BM bünyesinde dünyada hemen hemen olabilecek her potansiyel soruna dair sözleşmeler, protokoller, şartlar hazırlanmıştır. BM Evrensel Haklar Bildirgesiyle başlayan bu zincir, işkencenin önlenmesi, soykırım, kadın, çocuk ve engellilerle ilgili haklar, ekonomik ve sosyal haklar, medeni ve siyasi haklar, insan kaçırılması, kaybedilmesi, ticareti gibi pek çok konuyla devam edegelmiştir.

Garanti altına alınan bu hakların etkili korunması için çeşitli denetim mekanizmaları oluşturmuştur. Denetim yetkisi iki kaynağa dayanmaktadır: Birinci kaynak bizzat BM Şartıdır.

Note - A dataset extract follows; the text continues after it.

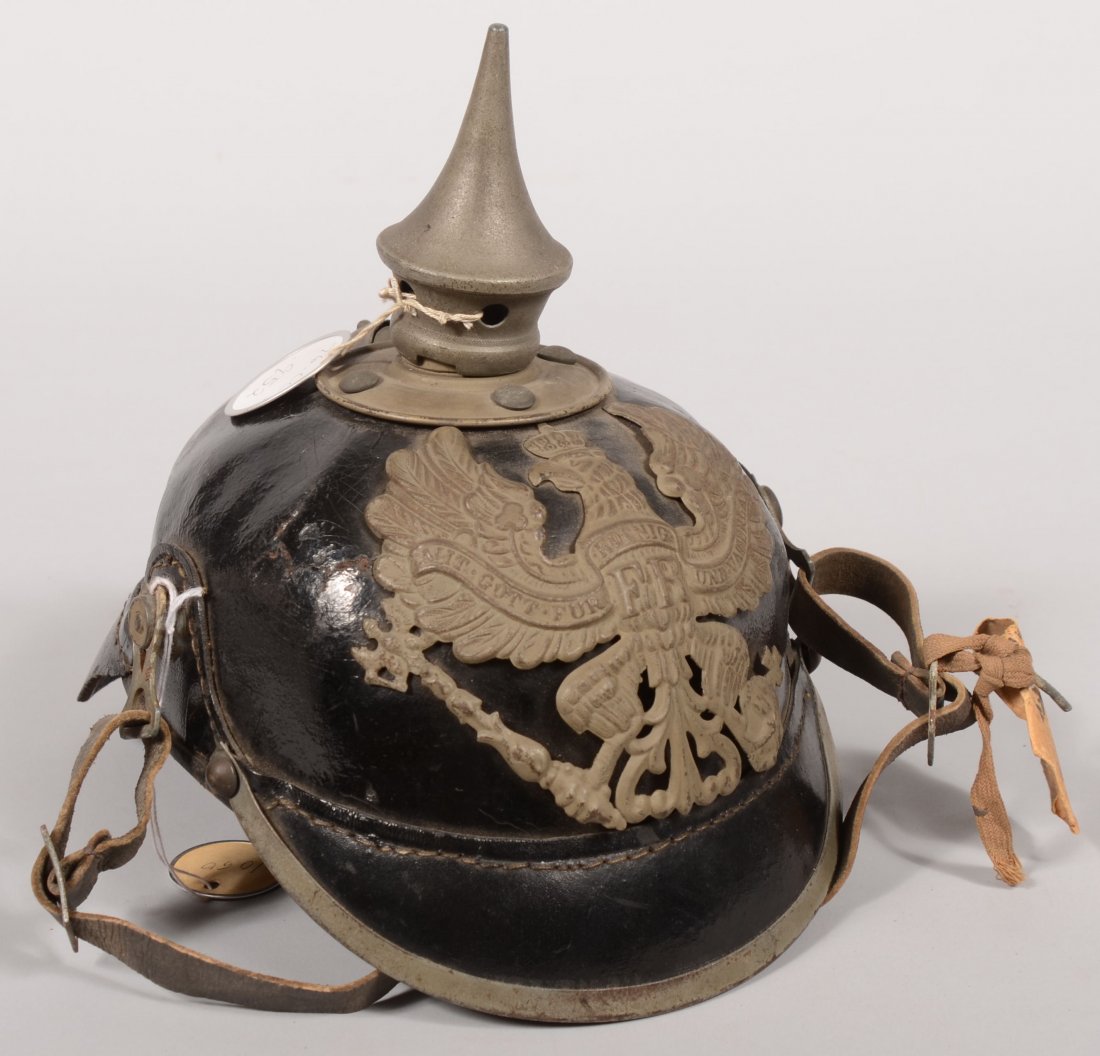 WW1 German spike helmet dated 1916 having a Prussi: WW1 German spike helmet dated 1916 having a Prussian front plate and a soldier's name written inside. It is missing the rossettes but has the leather chinstrap. Good.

Mesela BM İnsan Hakları Konseyine şikayet veya konseyce uygulanan diğer özel usuller ve evrensel periyodik gözden geçirme doğrudan BM Şartından kaynaklanır ve tüm üye devletler için geçerlidir.

Buna karşılık Devletlerin taraf olduğu antlaşmalarda garanti altına alınan hakları denetleyen komiteler sadece antlaşmaya taraf devletin uygulamalarını denetler.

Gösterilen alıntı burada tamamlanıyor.